** Work to be completed **
Each entry below is to be reproduced exactly, though any pictures it holds must be omitted.

***** The data *****

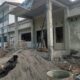 PROYEK DANA DAK 2024 SMAN 1 SAKRA TIMUR YANG DI KERJAKANOLEH CV LOMBOK GREEN FACE TAK KUNJUNG JADI SUDAH MELEWATI AMBANG BATAS PEKERJAAN APH DAN BPKP DI MINTA TURUN AUDIT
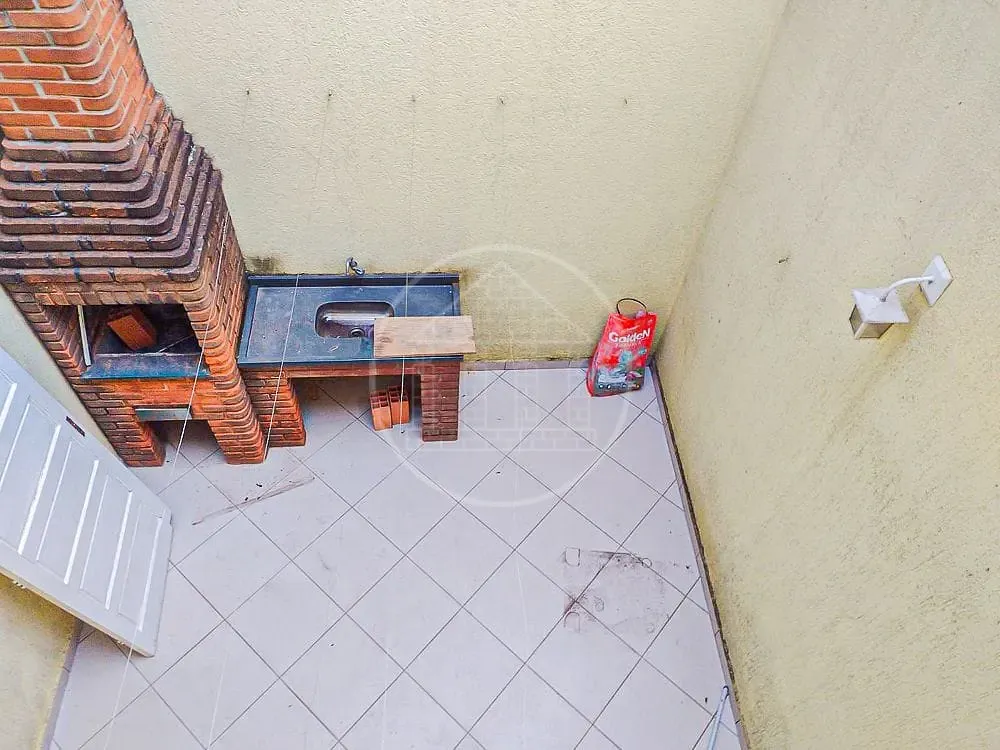 Sobrado, 3 quartos, 200 m² - Foto 19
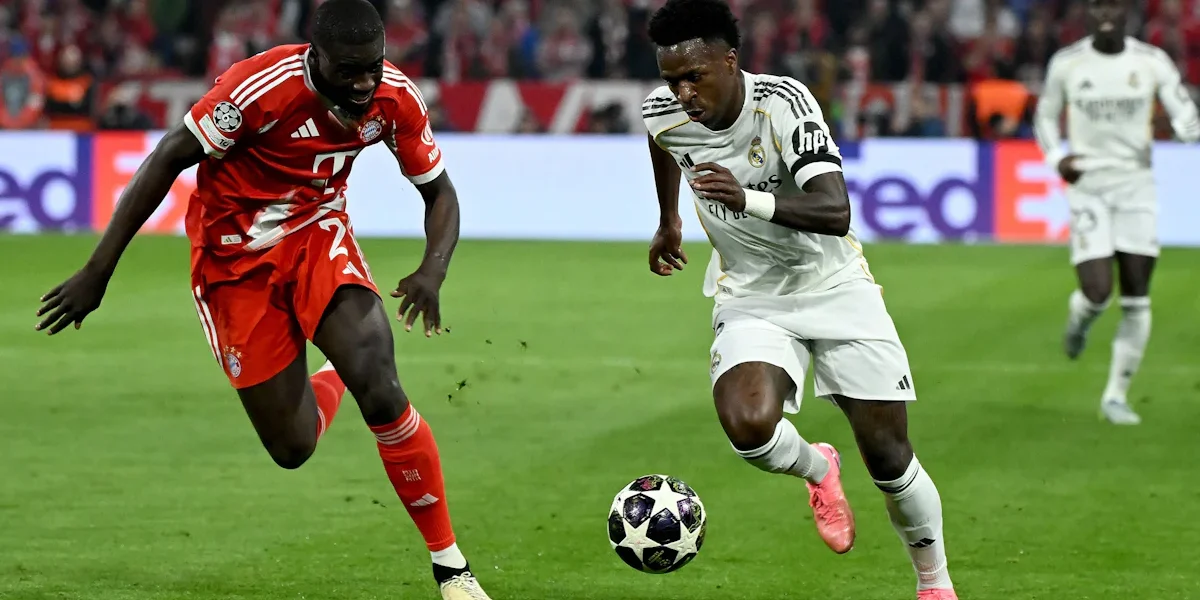 Bayern: Staruri de pe cinci continente, un club global în Munchen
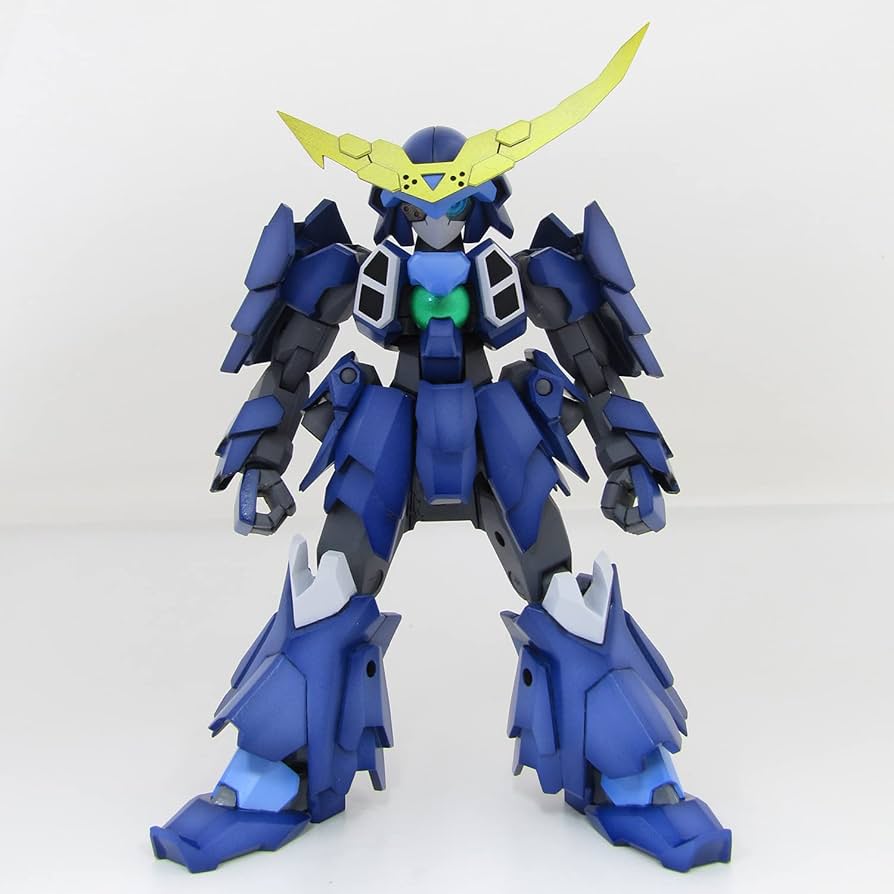 Amazon | ピーエムオフィスエー プラアクト01:伊達 | プラモデル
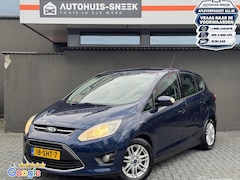 Ford C-Max - 1.6 Trend | Cruise | Climate | Navi | PDC | 16LMV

*****

** Task solution **
 PROYEK DANA DAK 2024 SMAN 1 SAKRA TIMUR YANG DI KERJAKANOLEH CV LOMBOK GREEN FACE TAK KUNJUNG JADI SUDAH MELEWATI AMBANG BATAS PEKERJAAN APH DAN BPKP DI MINTA TURUN AUDIT
 Sobrado, 3 quartos, 200 m² - Foto 19
 Bayern: Staruri de pe cinci continente, un club global în Munchen
 Amazon | ピーエムオフィスエー プラアクト01:伊達 | プラモデル
 Ford C-Max - 1.6 Trend | Cruise | Climate | Navi | PDC | 16LMV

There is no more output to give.